Separately, it has always been the case that the amount of tax withheld in a particular month may not exceed the total amount of an employee’s gross monthly salary for the same month. If taxes due exceed the employee’s gross monthly salary, companies may withhold tax only up to the amount of monthly salary. The employee would then be required to pay any remaining tax when he/she files his/her annual tax return.[1] We understand that, in the past, withholding amounts could be spread over multiple pay periods to avoid this issue, but this is no longer the case.

Prior to implementation of the new PAYE system, taxes withheld on equity award income and other income were reported in an income statement at year-end, in which case it was nearly impossible for the STA to determine whether taxes withheld for purposes of equity award income in a particular month had exceeded an employee’s monthly gross salary for the same month. Under the new PAYE process, however, any time the withholding amount reported through PAYE for a particular month exceeds the employee’s monthly salary, the STA technically is being alerted to the infraction.

Especially in case of RSUs vesting or options being exercised and considering the high tax rates in Sweden, it can often be the case that the total tax due on RSU/option income (together with tax due on regular salary and other income) exceeds an employee’s monthly salary. It is irrelevant/not helpful that most companies either (i) sell a number of shares on behalf of the employee and use the sale proceeds to cover applicable withholding taxes, or (ii) withhold a number of shares and come up with the equivalent cash to cover applicable withholding taxes. Even though these processes mean companies are not actually withholding any tax due on the equity award income from the employee’s salary, the rule that the tax withheld as reported through the PAYE system cannot exceed the monthly gross salary still applies.

In this respect, it is also important to point out that companies arguably may withhold taxes only from salary (i.e., cash payments) so a sell-to-cover or share withholding method are not contemplated under Swedish tax law. [2]

As mentioned, we have already seen the STA approaching several companies to question why taxes withheld in a particular month exceeded an employee’s monthly gross salary. More concerning, the STA has suggested that, to the extent the tax withheld exceeds the monthly salary, such excess amount will be deemed additional taxable income on which income tax and employer social security contributions are due.

What Next?

In light of the above, companies should review their obligations both with respect to taxable events that have previously occurred in 2019 and on a going forward basis. To date, we have not seen the STA challenge years prior to 2019.

Prior Taxable Events

Companies should review their monthly individual income tax returns for 2019 to determine if there are instances where the tax withheld on equity award income (together with other tax withheld for the relevant month) exceeded the employee’s gross salary for the applicable month. If this were to be the case, it is possible to apply for a reassessment of the taxes due in the applicable month. This would entail effectively telling the STA that taxes were withheld from an amount other than salary and that taxes were overwithheld, so companies will need to carefully consider if this is the right strategy for them.

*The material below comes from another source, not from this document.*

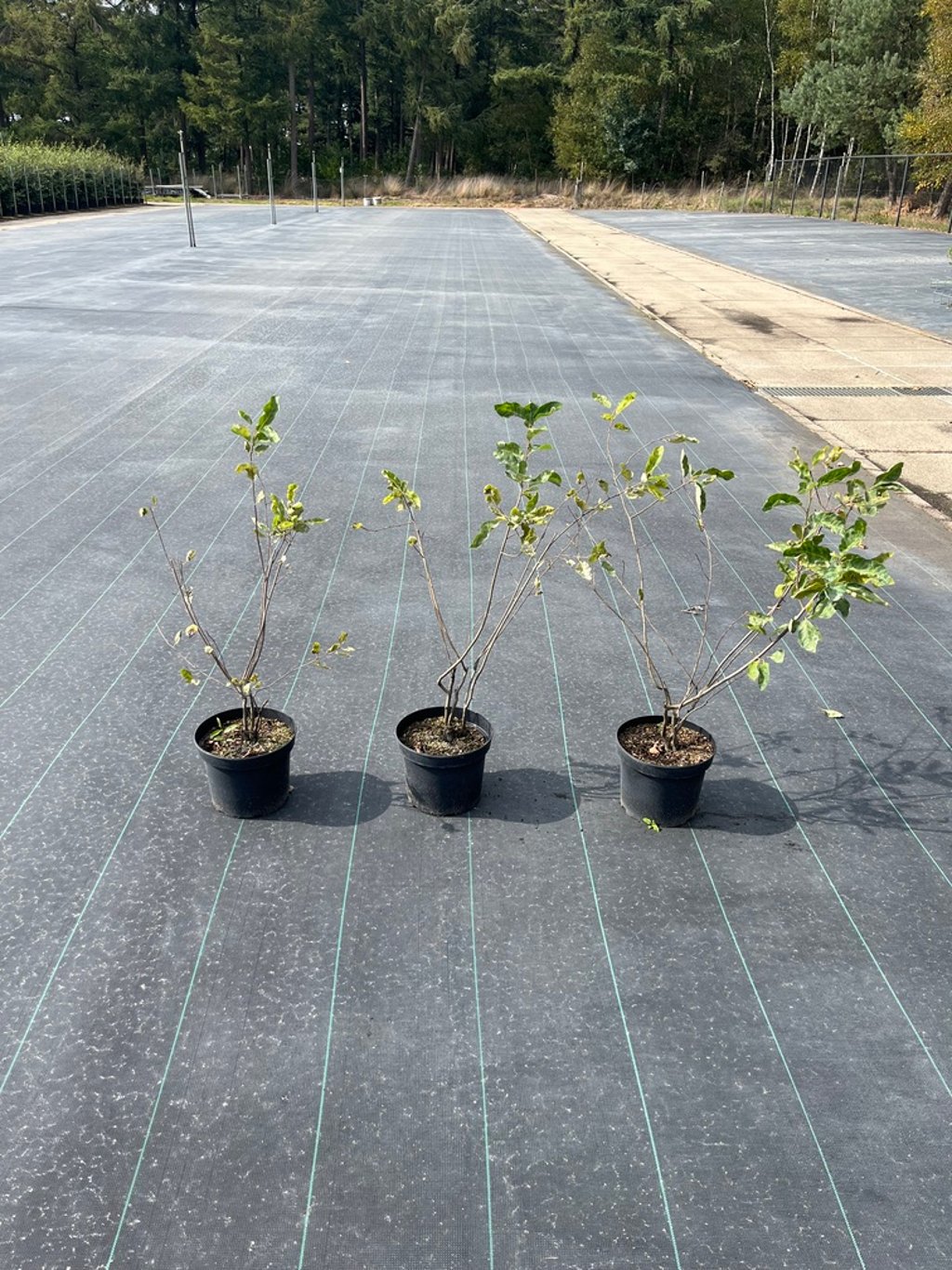 Amelanchier lamarckii - C5 40-60 CM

Further, under Swedish tax law, a taxpayer generally can apply for reassessment only when there is an obvious mistake, such as transposing figures. However, we have seen reassessments being accepted by the STA for this purpose. If the STA accepts the reassessment, it will refund any tax withheld in excess of the monthly salary to the employee via the company (and the employee would then be required to pay the tax when he/she files his/her annual tax return).[3]

Going Forward

To avoid any issues going forward, we believe companies essentially have two alternatives:

1. Withhold from salary and let employees cover the remainder of the taxes due on their own
Under this approach, the company will withhold taxes from the employee’s salary up to the employee’s gross monthly salary and leave it up to the employee to come up with the cash to pay any remaining amounts.  Instead of selling/withholding any shares to cover taxes, the company would issue all of the shares to the employee.

This means: (a) the withholding could wipe out an employee’s entire pay check for one month and (b) employees will have to come up with the cash to cover the remainder of the tax obligation if/when it is due.  With respect to (b), employees can sell shares received from the equity awards (e.g., upon vesting of RSUs), but this could be problematic if the issuance occurs during a black-out (although we assume the employee could plan accordingly and enter into a 10b5-1 plan to sell shares).

2. Withholding from salary AND sell-to-cover/share withholding

    1. Step 1:  In the month of the taxable event, the local employer would withhold taxes from the employee’s salary up to the employee’s monthly salary and report only these withholdings through PAYE.
    2. Step 2:  The issuer would sell/withhold shares to cover the remaining taxes owed on the award income – these amounts would not be remitted or reported through PAYE. Instead, the issuer would either: (a) remit any remaining taxes to the employee’s tax account with the STA on behalf of the employee or (b) remit the amount of taxes to the employee for the employee to pay directly to the STA.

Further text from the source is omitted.